Exigeant, dédié à la musique et à sa recherche d’authenticité, l’art de Sonny Fortune tient dans l’alliage entre son style personnel et les rivières souterraines de sa vie, dont la source est John Coltrane. En plus de la musique, Sonny Fortune défend ses valeurs, sa conception du jazz et son état d’esprit. Sa complicité avec Elvin Jones, ses liens avec McCoy Tyner et son dialogue avec les autres musiciens de cette sensibilité n’ont cessé d’approfondir cette relation pour aboutir à un album hommage, In the Spirit of John Coltrane, en 2000. Chacune de ses notes le ramène à son histoire et à sa créativité musicale comme à l’histoire du jazz et à l’essence de la musique.

Propos recueillis par Mathieu Perez
Sélection discographique et vidéos par Guy Reynard et Yves Sportis

Jazz Hot : Dans quelle partie de Philadelphia êtes-vous né ?

Sonny Fortune :
Philly était divisée en sections. Il y a avait la section Nord, Sud, Est, Ouest et Germantown. North Philly et Germantown étaient très proches. Dans ce périmètre, on trouvait Reggie Workman, Lee Morgan, Donald Wilson, Archie Shepp, les frères Heath étaient de South Philly, Edgar Bateman. Il y avait tant de musiciens, je ne m’en souviens même plus. Je parle de la fin des années 1950, début des années 1960. J’ai grandi à North Philly. Quand j’y habitais, il y avait tant de musiciens de jazz, c’était incroyable. Il y avait des bandes. Je faisais partie de la bande de North Philly. Il y avait McCoy Tyner, de West Philly, Bobby Timmons, etc. Le Showboat et le Pep’s étaient les deux clubs de jazz où le monde entier venait jouer. Bird travaillait dans un autre club à North Philly. Et c’est là que j’ai vu tout le monde, Monk, Trane, Miles, Cannonball…
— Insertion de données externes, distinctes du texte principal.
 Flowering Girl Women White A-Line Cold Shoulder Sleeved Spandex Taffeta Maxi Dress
Quand commencez-vous à écouter du jazz ?

Je me suis marié très jeune, à 16 ans. J’ai commencé à écouter du jazz quand j’en avais 17. A l’époque, j’aimais le rhythm & blues. Je chantais avec un groupe de R&B. Un jour, un ami a apporté l’album Charlie Parker Memorial. Je me souviens d’avoir écouté cet album et de ne pas l’avoir aimé. A cette époque, toute ma bande de copains aimait le jazz et donc je me suis forcé à en écouter. C’est comme ça que je m’y suis mis.

A quel âge commencez-vous à jouer ?

Je me suis mis à jouer d’un instrument à 18 ans. Et non seulement j’avais 18 ans mais j’étais marié. J’avais une femme et des enfants. Je pensais que jouer serait un complément nécessaire à ma compréhension du jazz. Quand je me m’y suis mis, je pensais qu’en six mois, je pourrais épater tout le monde. Mon père m’a acheté un instrument, un saxophone alto. Six mois plus tard, j’arrivais à peine à passer de do à ré. J’essayais de travailler 15 minutes tous les jours, ça me paraissait une journée entière. Et je l’ai rangé au placard pendant un an ou deux. J’avais une famille à charge et un emploi régulier…
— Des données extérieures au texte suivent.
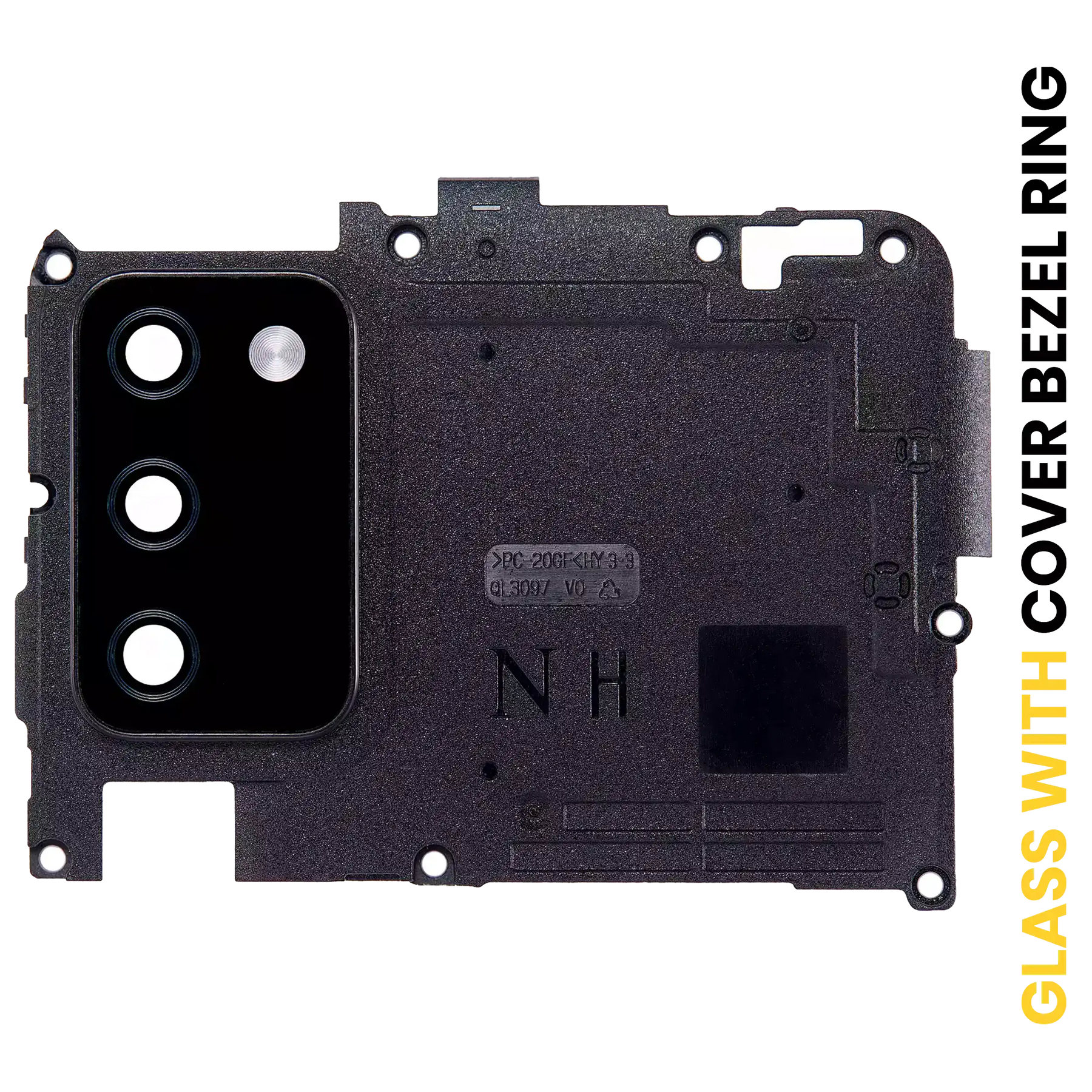 Back Camera Lens With Cover Bezel Ring Compatible For Samsung Galaxy A02S (A025 / 2020) (Black) (N Version)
Sonny Fortune au Dizzy's, Lincoln Center, 2012 © Mathieu PerezComment êtes-vous revenu au saxophone ?

C’est ce travail qui m’a poussé à le ressortir parce que ça ne menait nulle part. A cette époque, je n’avais pas beaucoup de choix. Je savais que j’avais cet instrument de côté et que je pouvais lui donner du sens. Et là, ma vie a changé. Je suis devenu plus discipliné, plus déterminé. Je me forçais à travailler quatre heures par jour après le travail. Parfois, je m’endormais sur mon siège parce que je n’avais jamais été habitué à cette discipline.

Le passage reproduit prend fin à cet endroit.